South Africa's Apartheid regime was one of only a handful of United Nations member states to support the Dutch view that the decolonization of Indonesia and the Netherlands New Guinea were of a 'domestic' nature and that the UN had no right to interfere. During that period, Indonesia joined the rest of the Asian countries in avoiding official relations with South Africa, however in 1968, Indonesia unofficially opened secret military and intelligence relations with South Africa through the Estado Novo regime of Portugal as well as through Israel. It was widely known that from 1968-69 onwards, Indonesia shared intelligence with South Africa and Israel through Portugal, Iran, and Turkey

Indonesian-South African relations were formalized through the establishment of diplomatic relations in August 1994. The South African Embassy in Jakarta was established in January 1995. It was officially opened by the former Minister of Foreign Affairs, Mr A Nzo in conjunction with a visit by Nelson Mandela as first post-apartheid President of South Africa on 14 July 1997. During the visit, Mandela asked Indonesian President Suharto to meet the then imprisoned East Timorese resistance leader, Xanana Gusmao.

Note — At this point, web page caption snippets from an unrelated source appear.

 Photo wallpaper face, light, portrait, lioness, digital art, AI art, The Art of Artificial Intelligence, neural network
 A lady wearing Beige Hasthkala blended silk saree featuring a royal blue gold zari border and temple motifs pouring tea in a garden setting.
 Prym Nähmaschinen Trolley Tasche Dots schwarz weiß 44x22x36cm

The South African Embassy in Jakarta is also accredited to ASEAN in order to maintain close interaction with the regional body, and also accredited to East Timor since 2009 on a non-residential basis.

From 23 to 24 August 2023, Indonesian President Joko Widodo attended the 15th BRICS summit in Johannesburg.

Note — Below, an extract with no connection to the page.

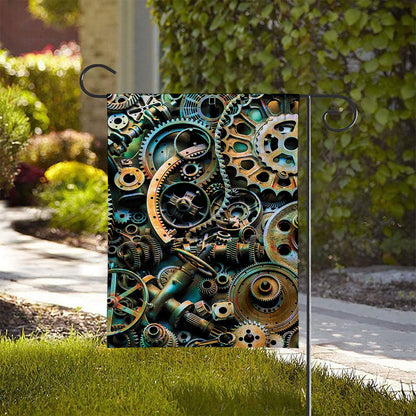 Steampunk Cogs And Gears Print House Flag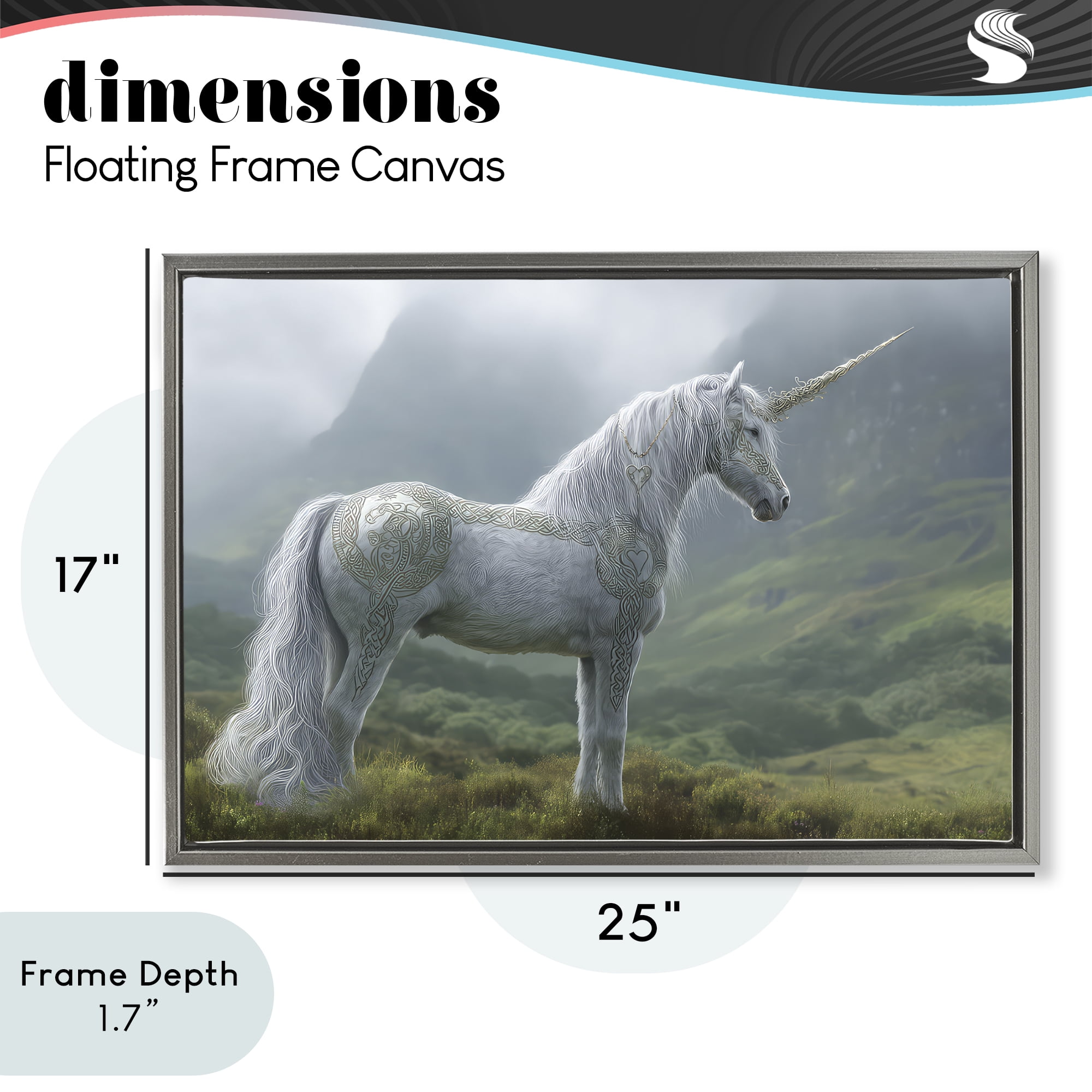 Stupell Industries Elegant Celtic Unicorn Gray Framed Floater Canvas Wall Art, design by The Wands Want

On 22 October 2025, South African President Cyril Ramaphosa visited Indonesia. He and Indonesian President Prabowo Subianto held bilateral meetings on economic cooperation.

==Trade and commerce==
South Africa is Indonesia's largest trade partner in Africa which accounted for 22.18 percent of Indonesia's total trade with Africa in 2011. Trade between the two countries has seen a steady increase over the past few years and has the potential to grow. Bilateral trade between the two countries reached US$2.14 billion in 2011. Indonesia's exports were valued at US$1.44 billion in 2011 while imports were around US$705.78 million, resulting in a US$730.81 million trade surplus in favour of Indonesia. The South African market is one of Indonesia's key non-traditional markets, which is expected to drive future exports.